Entering International Disaster Zones: The Case of the 2004 Indian Ocean Earthquake and Tsunami

Following the 2004 Indian Ocean earthquake and tsunami, hundreds of foreign researchers from the U.S., Japan, Russia, France, and other countries descended on the region to collect perishable data. One hard-hit region—the Aceh province in Indonesia where more than 128,000 people died—experienced an inundation of foreign scholars. The influx of scientists led certain communities to be overstudied, contributing to respondent fatigue and frustration.​1​ As described by the former governor of Aceh province, foreign researchers acted like “guerrillas applying hit-and-run tactics” (p. 376).​4​ 

Street says that says do not enter

Years later in 2018, when an earthquake and tsunami hit the Indonesian island of Sulawesi, many foreign researchers were unable to enter the country.​5​ This was because Indonesia had passed a law requiring foreign scientists to obtain a special visa before entering the country to conduct research. To obtain the visa, researchers needed to submit data collection protocols to the government in advance and collaborate with an Indonesian partner. Researchers who violate these terms could face criminal charges and even prison.​1​

Examples of international restrictions for research are not limited to Indonesia. In the Philippines, research on disaster trauma is only allowed in exceptional cases; Brazil requires all foreigners to have a special visa to conduct research in the country; and New Zealand asks researchers to clearly identify the intended benefit of the study being proposed.​1​ These requirements are intended to protect vulnerable disaster-affected communities from research-related harm, but they also can lead to dire consequences for researchers and a potential chilling effect on scientific inquiry.

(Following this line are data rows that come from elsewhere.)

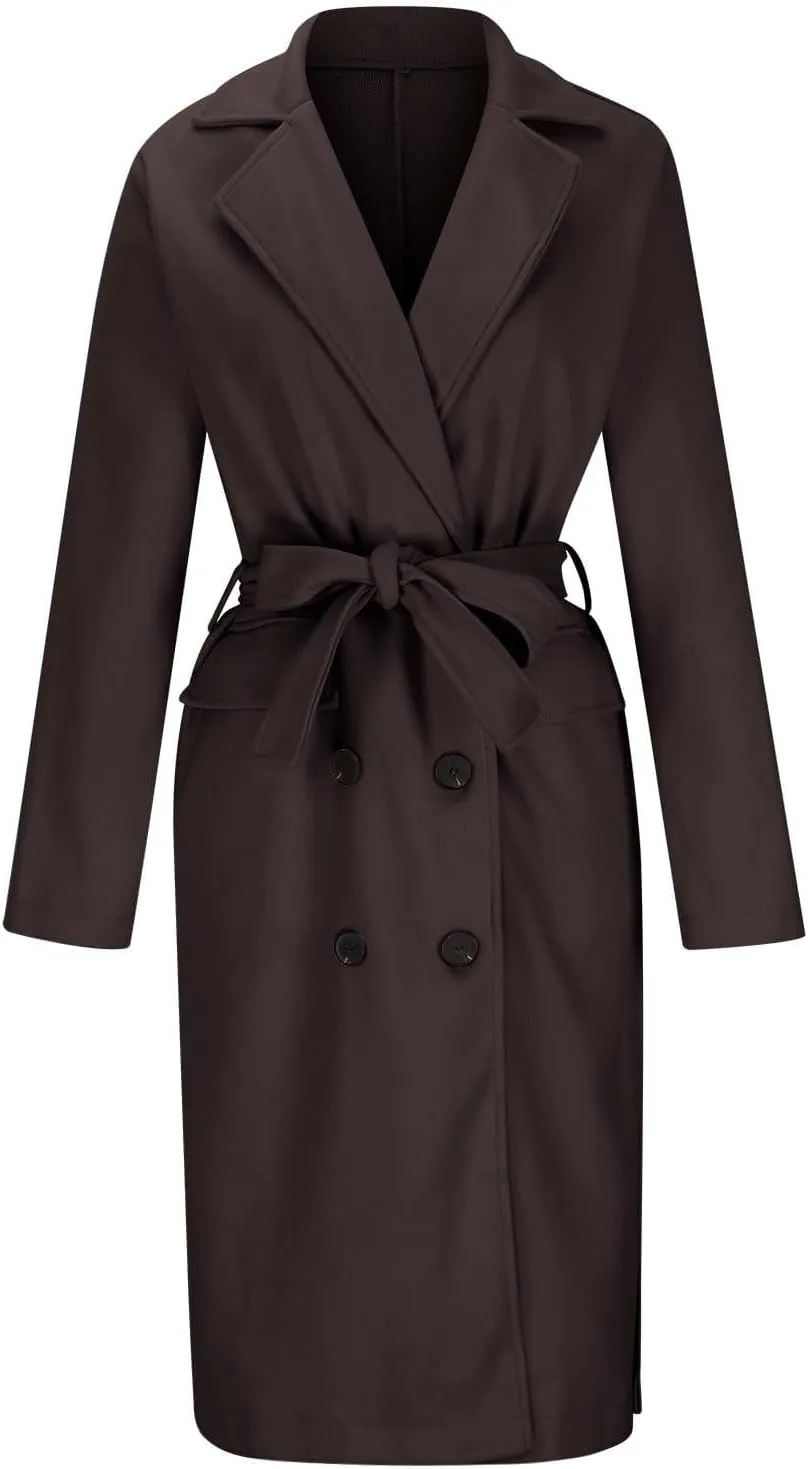 Women's Notched Lapel Collar Trendy Breasted Fashion Coat Winter Wool Blend Over Coats Casual Thermal Long Jackets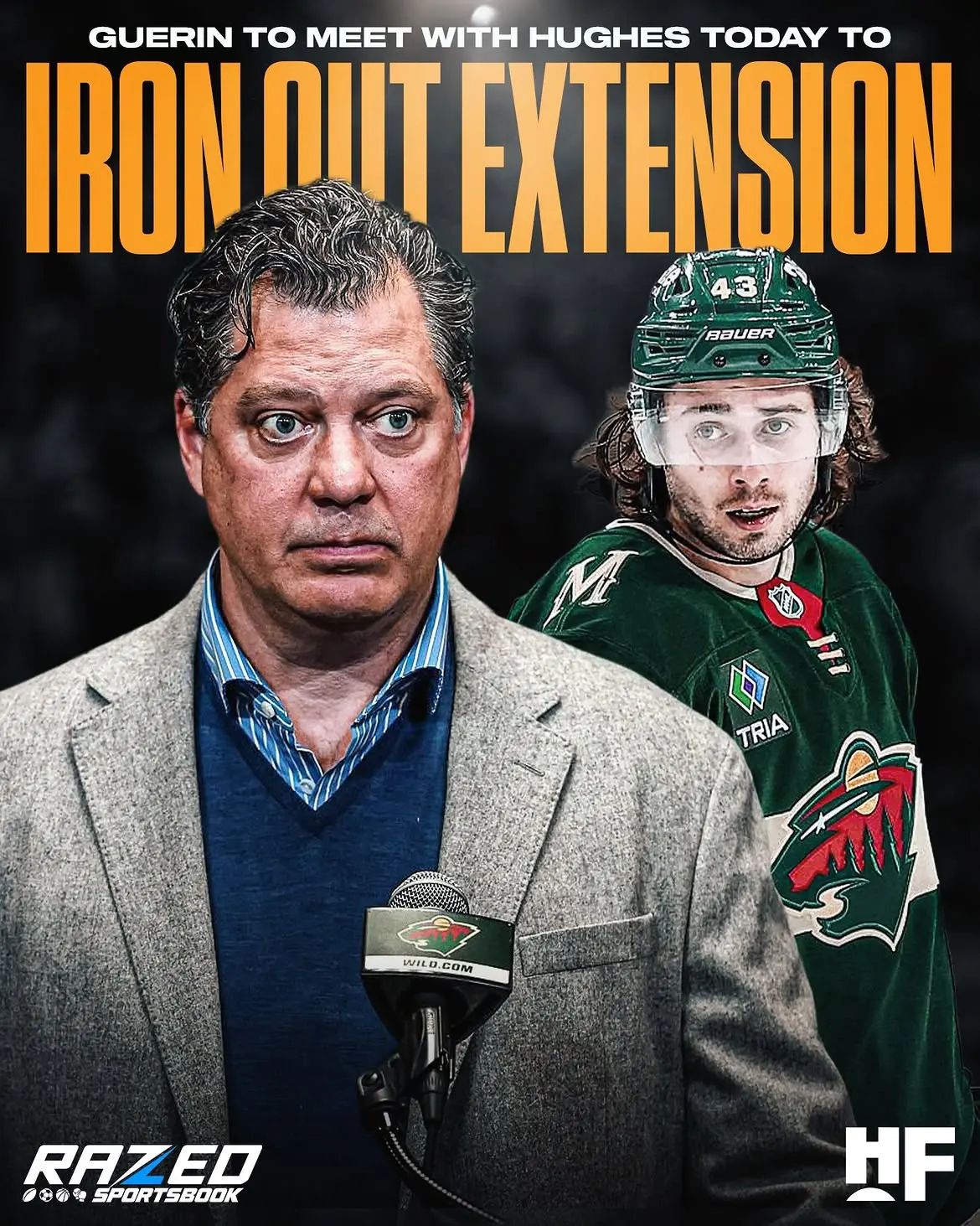 Генеральный директор Minnesota Wild Билл Герин сегодня встречался с Куинном Хьюзом и его лагерем в М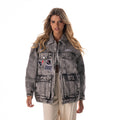 Houston Texans Women's Denim Jacket w/ Crystal Rock Detail - Grey Denim view 1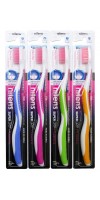 Fluorine Toothbrush / Зубная щетка cо сверхтонкой двойной щетиной  (средней жесткости и мягкой) и изогнутой ручкой “Фтор”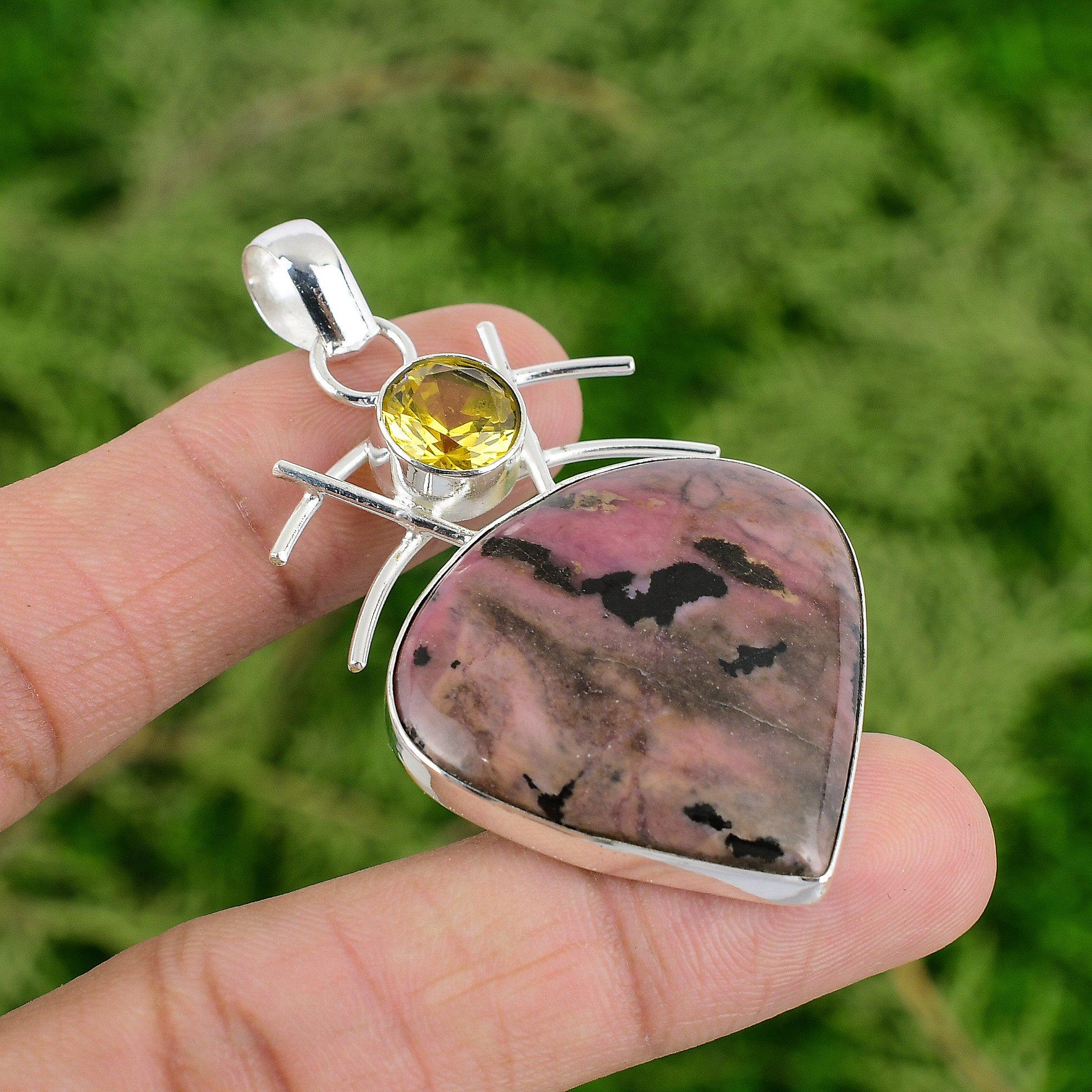 

Sterling Silver Natural Rhodonite Citrine Mother Handmade Ethnic Pendant Jewelry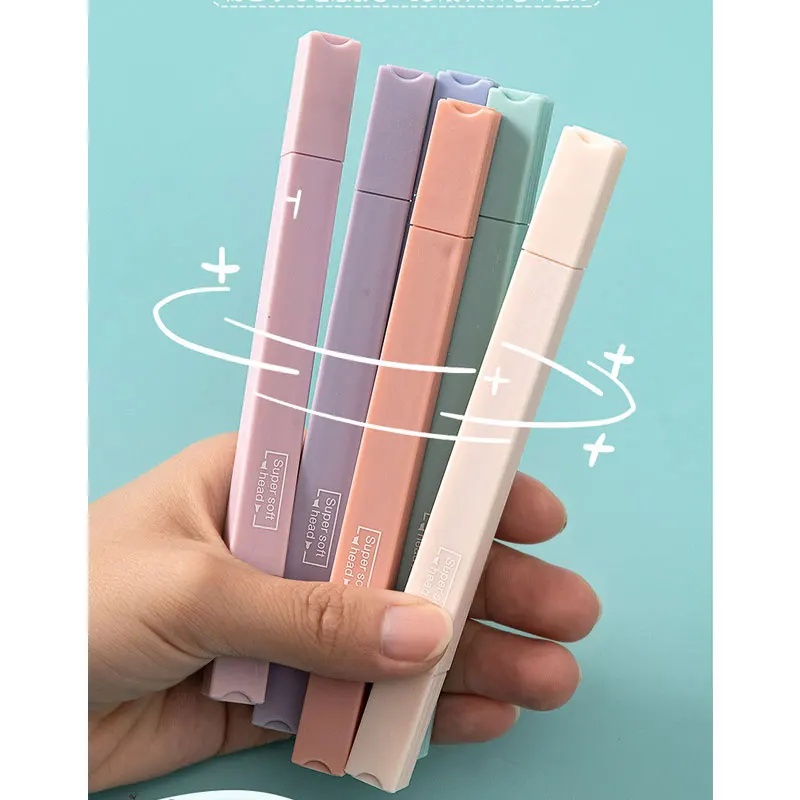 6 PCS Double Side Highlighter Pens Set Kawaii Colored Manga Markers Pastel Stationery Scrapbooking School Supplies highlighter marker highlighter pen marker pen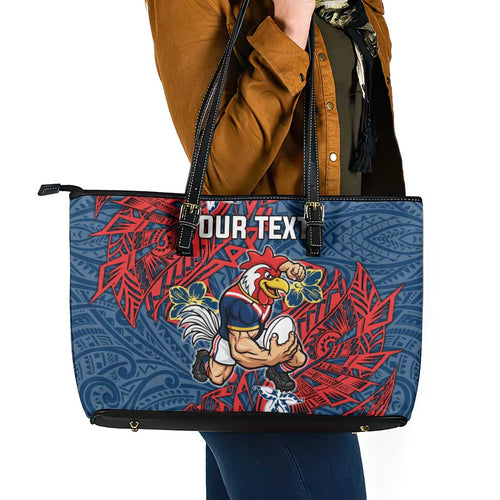 Personalised Sydney Roosters Leather Tote Bag Polynesian Tribal Pattern With Rugby Rooster Mascot Art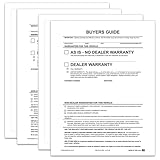 As-is No Lines Exterior Buyers Guide for Car Dealerships - 8.5' x 11' 1-Part...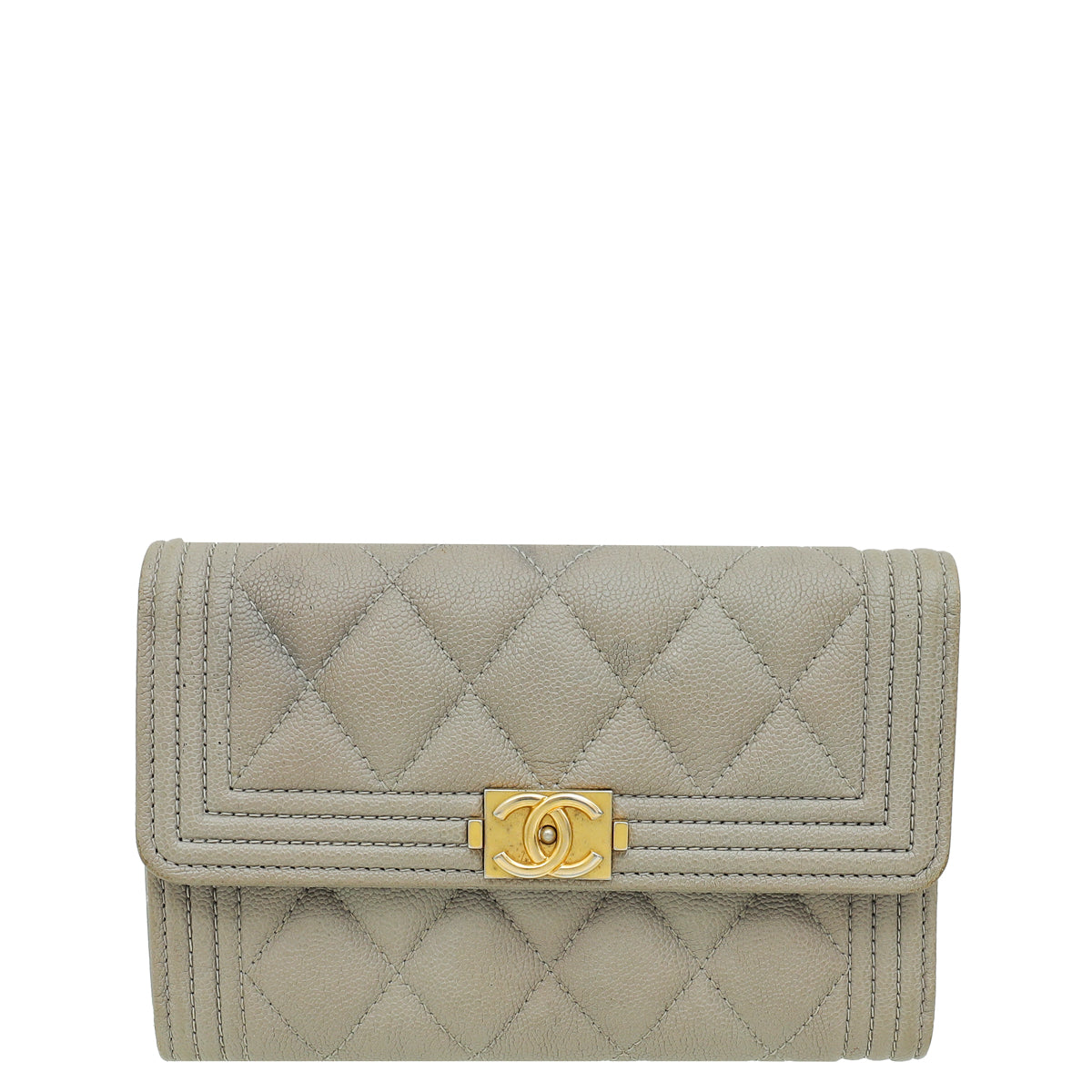 Chanel Gray Boy Medium Wallet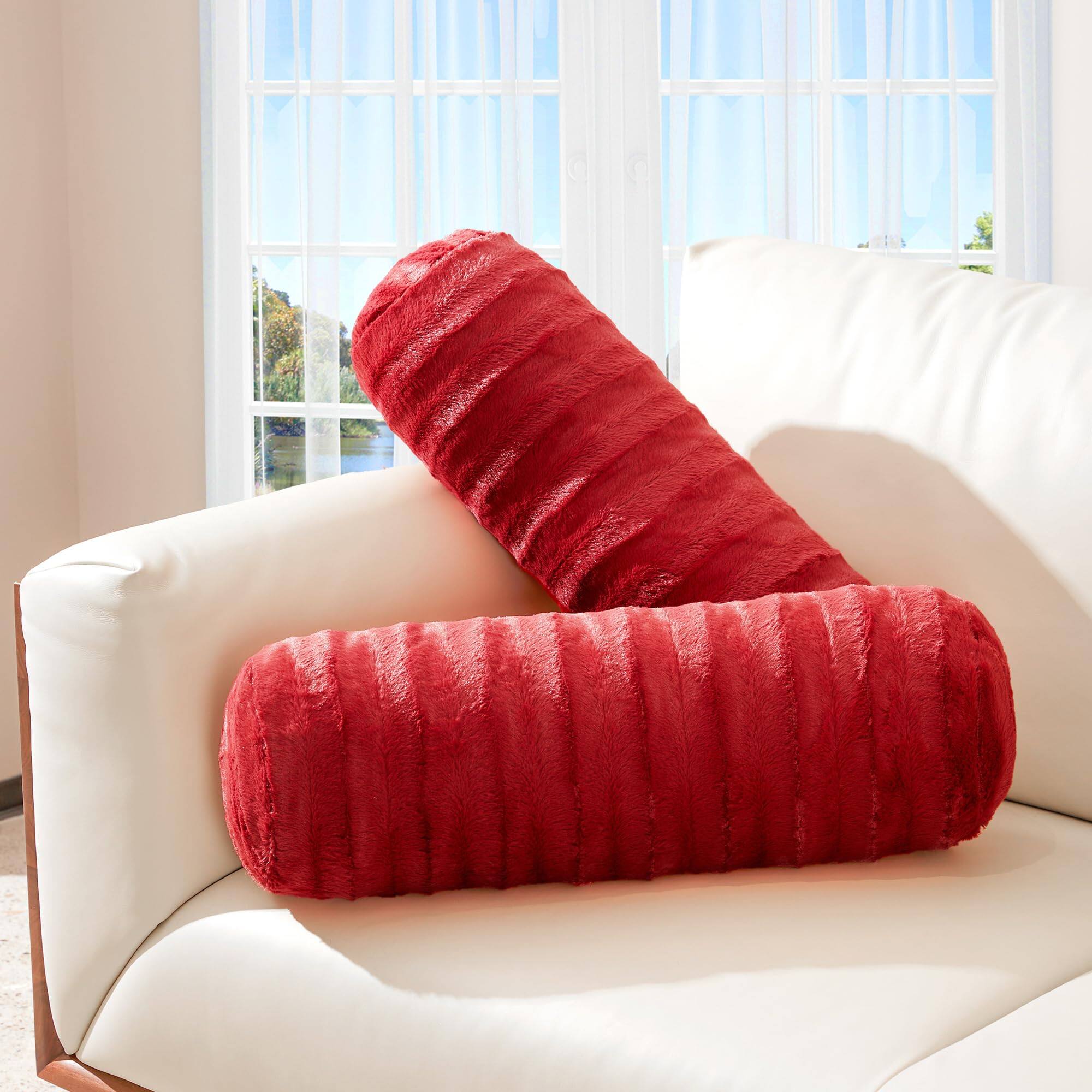 Front. Cheer Collection - Set of 2 Faux Fur Decorative Bolster Roll Pillows - Maroon.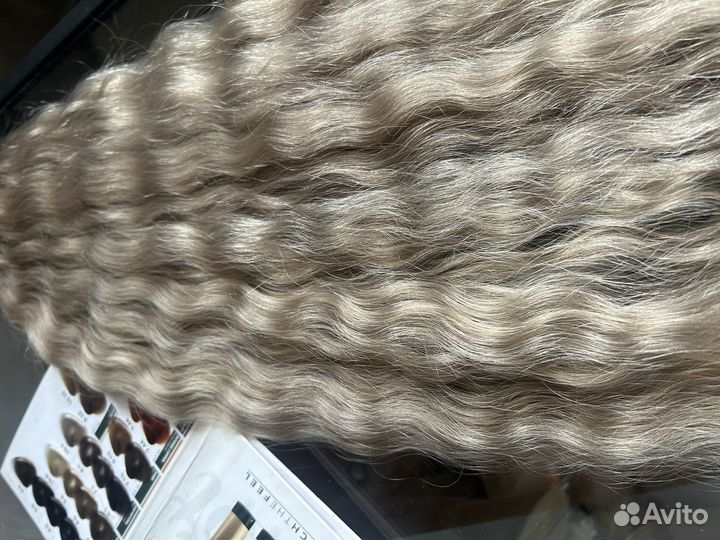 Волосы для наращивания кудри блонд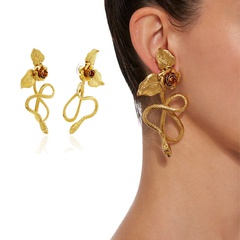 New Baroque retro snake-shaped earrings rose pendant long earrings nihaojewelry wholesale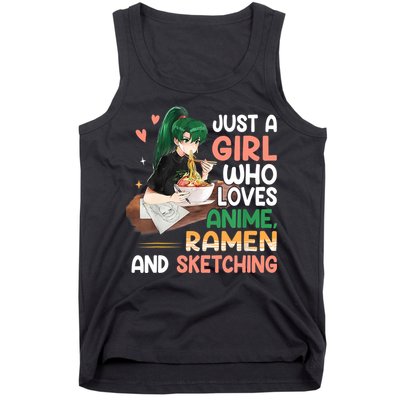 Just A Girl Who Loves Anime Ramen And Sketching Girls Ns T Tank Top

Given the lack of universal research ethics committees in international settings, researchers can also face ethical and logistical challenges in interpreting and applying ethical principles and regulations abroad. U.S. IRBs have noted the wide variations in quality, training, and resources among research ethics committees in low- and middle-income countries.​6​ A lack of understanding of other cultures’ perspectives on autonomy and risks and benefits of daily life also make it difficult to interpret IRB-regulated rules in these settings.

  1. 1.
    Gaillard J, Peek L. Disaster-zone research needs a code of conduct. Nature. 2019;575(7783):440-442. doi:10.1038/d41586-019-03534-z

  2. 2.
    Barber K, Haney TJ. The experiential gap in disaster research: Feminist epistemology and the contribution of local affected researchers. Sociological Spectrum. 2016;36(2). doi:10.1080/02732173.2015.1086287

  3. 3.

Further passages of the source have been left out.